Cette année, le Festival de Cannes sera certainement marqué par l’onde de choc créée par Donald Trump, le 4 mai, lorsqu’il a fait savoir que tous les films produits à l'étranger seraient soumis à des droits de douane de 100 %. Cette annonce a semé l’émoi à Hollywood et dans la communauté cinématographique internationale.
La Maison-Blanche a déclaré qu'aucune décision définitive n'avait été prise. Parmi les options envisagées figurent des incitations fédérales pour les productions américaines, plutôt que des droits de douane. Mais cette annonce rappelle à quel point les tensions internationales peuvent déstabiliser même les plus anciennes institutions culturelles.
«Tout à perdre, tout à gagner»
Le Festival de Cannes est né pendant la Seconde Guerre mondiale, lorsque la montée du fascisme en Italie a conduit à la création d’une solution de rechange à la Mostra de Venise, alors contrôlée par le gouvernement. Depuis, l’engagement résolu de Cannes pour le cinéma en a fait un modèle pour les cinéastes. D’innombrables réalisateurs y sont venus se faire un nom.
Cette année ne fait pas exception, même si certains des cinéastes qui vont pour la première fois à Cannes sont déjà particulièrement connus. Kristen Stewart («La Chronologie de l'eau»), Scarlett Johansson («Eleanor la Grande») et Harris Dickinson («Urchin») dévoileront tous leurs premiers longs métrages dans la section «Un Certain Regard».
De nombreux habitués de Cannes seront également de retour, notamment Tom Cruise («Mission Impossible – Le Jugement dernier»), Robert De Niro (qui recevra une Palme d'or d'honneur 49 ans après la première de «Taxi Driver» à Cannes) et Quentin Tarantino (en hommage au réalisateur de westerns à petit budget George Sherman).

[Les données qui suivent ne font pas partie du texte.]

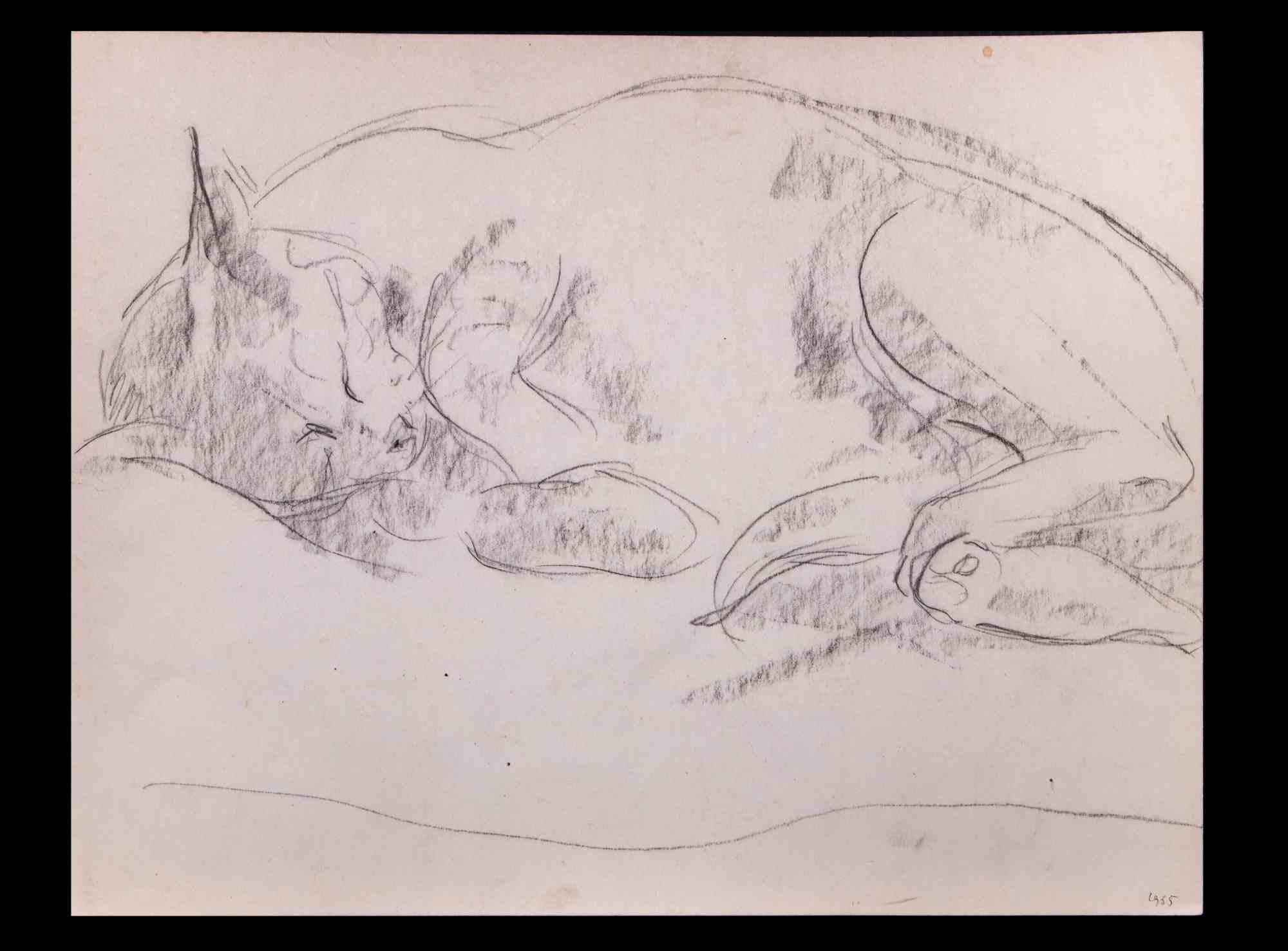 Sleeping Cat - Original Pencil Drawing by Giselle Halff - 1965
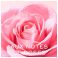 Very Rose Smeuige Reinigingsmelk 200ml Nf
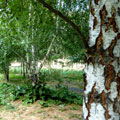 Zaamin National Park — Zaamin National Park —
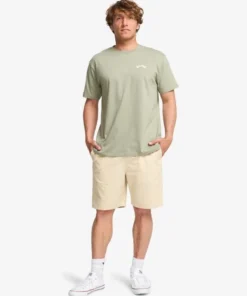 Camiseta Billabong Arch Classic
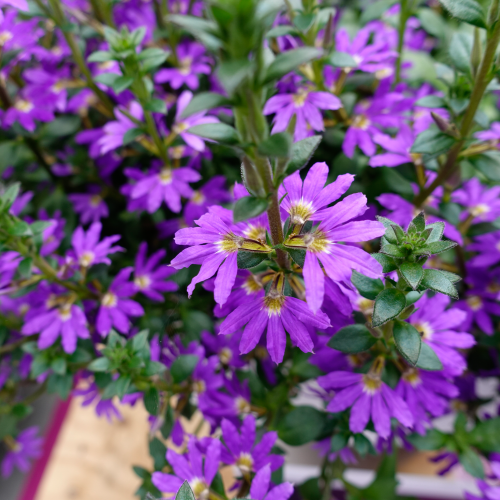 Scaevola Bleu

Oliver Hermanus est venu pour la première fois à Cannes avec son film «Beauty» en 2011. Il s'est montré naïf et optimiste avant de réaliser, dit-il en riant, qu'une sélection cannoise est «une invitation potentielle à une décapitation».
«J’essaie d'être réaliste quant au fait que c'est une arène de gladiateurs. On a tout à perdre et tout à gagner, a-t-il indiqué. Lorsque Cannes nous a sélectionnés, Paul (Mescal) et moi nous sommes dit: "Voilà le vrai stress. Survivrons-nous à l’intensité de Cannes?" Et nous étions tous les deux d’accord pour dire que c’était la raison de notre participation.»